California lawmakers have introduced a bill that would require the California Public Employees’ Retirement System and the California State Teachers’ Retirement System to divest all their fossil fuel assets, which are worth more than $9 billion combined, within five years.
Senate Bill 1173, introduced by Sen. Lena Gonzalez, D-Long Beach, and co-sponsored by Sen. Scott Wiener, D-San Francisco, would prohibit the $474.6 billion CalPERS and the $308.6 billion CalSTRS from making new investments or renewing existing investments in fossil fuel companies. The bill defines a fossil fuel company as one of the 200 largest publicly traded fossil fuel companies as established by carbon content in the companies’ proven oil, gas and coal reserves.
The bill would force the two pension fund giants to liquidate investments in fossil fuel companies by or before July 1, 2027, and the funds’ boards would be required to file an annual report with the state legislature and governor beginning Feb. 1, 2024, that contains specified information, including a list of fossil fuel investments that have been liquidated.
California’s state Constitution grants the retirement board of a public employee retirement system the authority and fiduciary responsibility for financial investment and the administration of the retirement fund and system. However, the state legislature has the authority to prohibit investments if it believes it is in the public interest and if it satisfies standards of fiduciary responsibility required by a retirement board.
The bill says that requiring the retirement systems to divest their fossil fuel holdings is “consistent with, and not in violation of, their fiduciary responsibilities.” Current state law prohibits the CalPERS and CalSTRS boards from making new investments or renewing existing investments of public employee retirement funds in thermal coal companies, which refers to companies that burn coal to generate electricity.
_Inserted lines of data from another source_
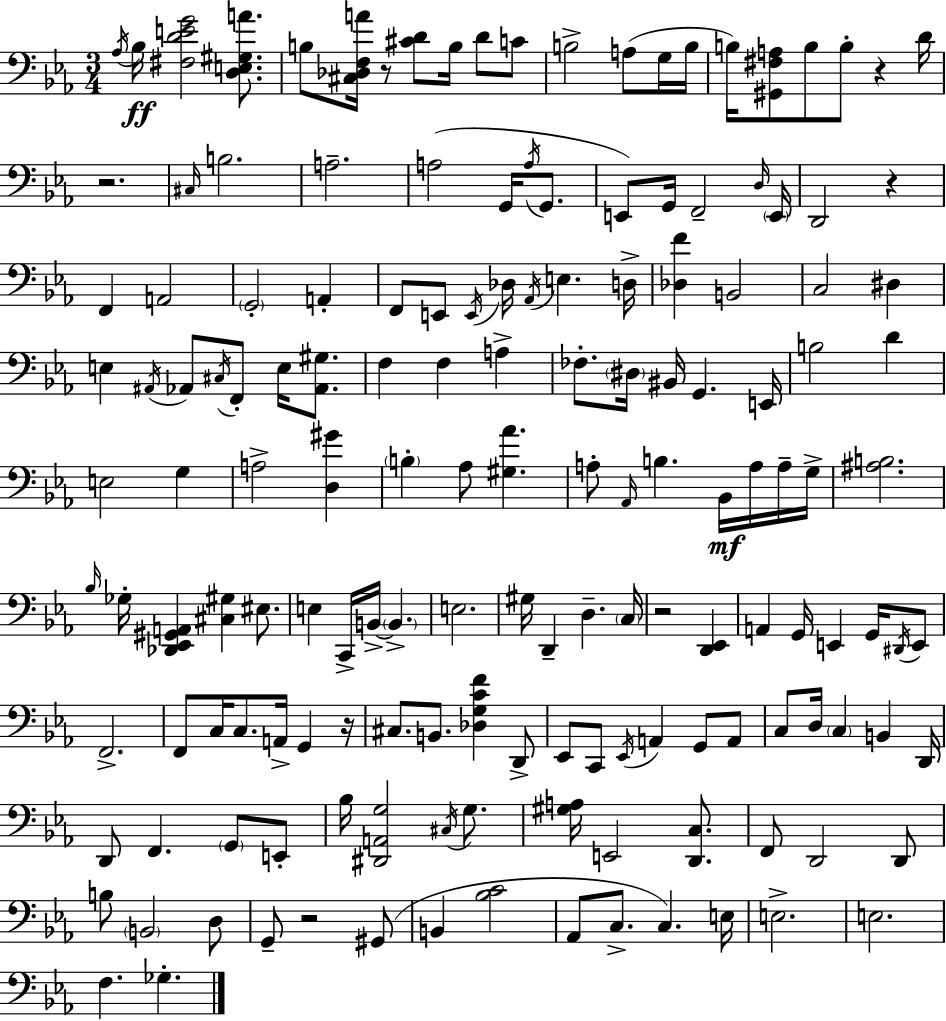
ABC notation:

X:1
T:Untitled
M:3/4
L:1/4
K:Eb
_A,/4 _B,/4 [^F,DEG]2 [D,E,^G,A]/2 B,/2 [^C,_D,F,A]/4 z/2 [^CD]/2 B,/4 D/2 C/2 B,2 A,/2 G,/4 B,/4 B,/4 [^G,,^F,A,]/2 B,/2 B,/2 z D/4 z2 ^C,/4 B,2 A,2 A,2 G,,/4 A,/4 G,,/2 E,,/2 G,,/4 F,,2 D,/4 E,,/4 D,,2 z F,, A,,2 G,,2 A,, F,,/2 E,,/2 E,,/4 _D,/4 _A,,/4 E, D,/4 [_D,F] B,,2 C,2 ^D, E, ^A,,/4 _A,,/2 ^C,/4 F,,/2 E,/4 [_A,,^G,]/2 F, F, A, _F,/2 ^D,/4 ^B,,/4 G,, E,,/4 B,2 D E,2 G, A,2 [D,^G] B, _A,/2 [^G,_A] A,/2 _A,,/4 B, _B,,/4 A,/4 A,/4 G,/4 [^A,B,]2 _B,/4 _G,/4 [_D,,_E,,^G,,A,,] [^C,^G,] ^E,/2 E, C,,/4 B,,/4 B,, E,2 ^G,/4 D,, D, C,/4 z2 [D,,_E,,] A,, G,,/4 E,, G,,/4 ^D,,/4 E,,/2 F,,2 F,,/2 C,/4 C,/2 A,,/4 G,, z/4 ^C,/2 B,,/2 [_D,G,CF] D,,/2 _E,,/2 C,,/2 _E,,/4 A,, G,,/2 A,,/2 C,/2 D,/4 C, B,, D,,/4 D,,/2 F,, G,,/2 E,,/2 _B,/4 [^D,,A,,G,]2 ^C,/4 G,/2 [^G,A,]/4 E,,2 [D,,C,]/2 F,,/2 D,,2 D,,/2 B,/2 B,,2 D,/2 G,,/2 z2 ^G,,/2 B,, [_B,C]2 _A,,/2 C,/2 C, E,/4 E,2 E,2 F, _G,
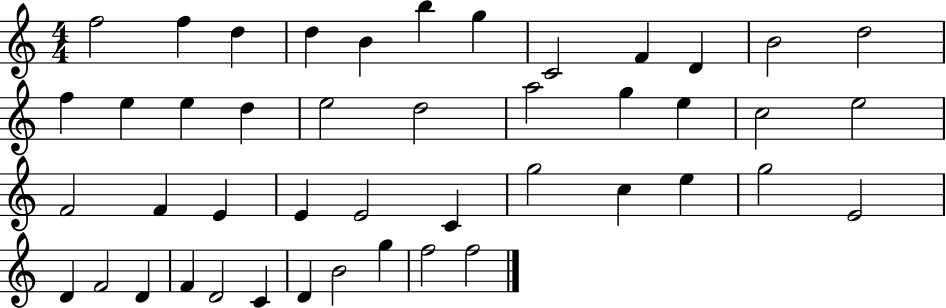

“As a leader in the fight against climate change, California must align the investment choices we make with our moral and environmental goals,” Gonzalez said at a virtual news conference. “Investing billions in the fossil fuel companies that are polluting our environment while at the same time trying to meet ambitious emissions reduction goals is contradictory and incongruous.”
Gonzalez said the bill would align the pension funds’ investment strategy with the state’s efforts to mitigate global warming.
“While California has taken a leading role on the world stage in advancing landmark and far-reaching policy and budget solutions to fight climate change, we are also unfortunately faced with the contradictory and incongruent fact that our state’s two largest employee pension funds use their enormous investment power to finance the very companies that are driving climate change.”